A screenshot of Healthcare.gov. Image taken from: static.guim.co.uk.
A screenshot of Healthcare.gov. Image taken from: static.guim.co.uk.

In early October, implementation of the Affordable Care Act began as the federal website “HealthCare.gov” was launched. Americans could (though they theoretically did not have to) sign up and shop for an appropriate health insurance plan. Soon after its dramatic launch, the website crashed. Republican leaders ultimately used the crash as proof in favor of their argument that the Affordable Care Act and the idea of universal healthcare is fundamentally flawed.
Later in October, there was another major disagreement between the two political parties regarding the funding of the federal government. This led to the 43rd partial government shutdown in the history of the United States. A somewhat united Republican House decided to discontinue funding the expenditures of the federal government as to prevent the implementation of the Affordable Care Act. The effort was spearheaded by Senator Ted Cruz; yet, Senate leader Harry Reid refused to deviate from his party’s political agenda. The unwillingness to compromise, by both Democrats and Republicans, led to the shutdown.
Meanwhile, a fiscal deadline loomed over Washington. The federal government was supposed to the hit the debt ceiling on Oct. 17. Thankfully, the government shutdown ended before the deadline and the debt ceiling was raised even higher, until Feb. 7. The compromise passed rather easily in the Senate with a 81-18 vote.
In early November, the gubernatorial elections occurred.  With little surprise, Republican New Jersey Governor, Chris Christie, won a landslide reelection in New Jersey, against State Senator Barbara Buono. By winning the election in such a grand manner, Christie has positioned himself as one of the chief Republican nominees for the 2016 Presidential election.
At the end the year, the House of Representatives passed yet another budget for the 2014 fiscal year. The budget, proposed by Paul Ryan and Patty Murray, is an $85 billion dollar plan that would not only avoid another government shutdown, but also minimize federal funding cuts that would otherwise take effect as prescribed by the Sequester. Though right wing Republicans and Tea Party conservatives opposed the budget, the majority of the Democrats and Republicans agreed to the terms of the deal and ensured its smooth passage.
Paul Ryan's proposed budget from the House. Image taken from: media.npr.org.
Paul Ryan’s proposed budget from the House.
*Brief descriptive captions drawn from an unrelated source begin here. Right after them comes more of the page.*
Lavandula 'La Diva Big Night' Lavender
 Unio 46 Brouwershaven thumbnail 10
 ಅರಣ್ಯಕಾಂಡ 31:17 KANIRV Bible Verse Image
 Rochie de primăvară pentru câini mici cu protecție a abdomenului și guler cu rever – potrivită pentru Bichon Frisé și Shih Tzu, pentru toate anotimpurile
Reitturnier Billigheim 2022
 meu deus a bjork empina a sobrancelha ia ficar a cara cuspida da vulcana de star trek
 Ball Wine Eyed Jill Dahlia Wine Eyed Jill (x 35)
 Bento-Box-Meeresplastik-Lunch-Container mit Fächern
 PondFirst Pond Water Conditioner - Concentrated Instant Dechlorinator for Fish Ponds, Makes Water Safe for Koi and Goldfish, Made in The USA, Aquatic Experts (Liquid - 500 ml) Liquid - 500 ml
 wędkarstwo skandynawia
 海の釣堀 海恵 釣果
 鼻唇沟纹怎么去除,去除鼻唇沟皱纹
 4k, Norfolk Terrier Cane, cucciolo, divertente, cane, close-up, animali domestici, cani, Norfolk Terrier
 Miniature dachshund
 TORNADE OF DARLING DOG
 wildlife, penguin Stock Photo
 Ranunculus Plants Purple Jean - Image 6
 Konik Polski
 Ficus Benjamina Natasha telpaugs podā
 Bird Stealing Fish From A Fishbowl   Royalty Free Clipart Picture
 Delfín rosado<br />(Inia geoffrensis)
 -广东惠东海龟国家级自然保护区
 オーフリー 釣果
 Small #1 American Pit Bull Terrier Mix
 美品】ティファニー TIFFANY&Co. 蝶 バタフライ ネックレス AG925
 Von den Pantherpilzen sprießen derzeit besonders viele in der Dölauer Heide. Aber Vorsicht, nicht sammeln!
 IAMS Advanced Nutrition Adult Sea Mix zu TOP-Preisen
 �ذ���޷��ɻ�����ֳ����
Image taken from: media.npr.org.

Interestingly enough, the partial government shutdown and the filibusters have revealed the true political inclinations of both of the major parties. While the Democrats have stayed true to their principles, a new transformation has occurred within the Republican Party over the past year. As opposed to their former “Old Guard, military first” philosophy, the new dominant values of the Republican Party seem to be the concept of limited government and an emphasis on individual citizens.
2013 was an interesting year for American politics. Though there have been some political debacles, the past twelve months have proved to be a trial of discovery for the American public. Heading into 2014, the American public is hopeful that the political mistakes of 2013 will not be repeated, and one can hope for a prosperous upcoming year for the U.S.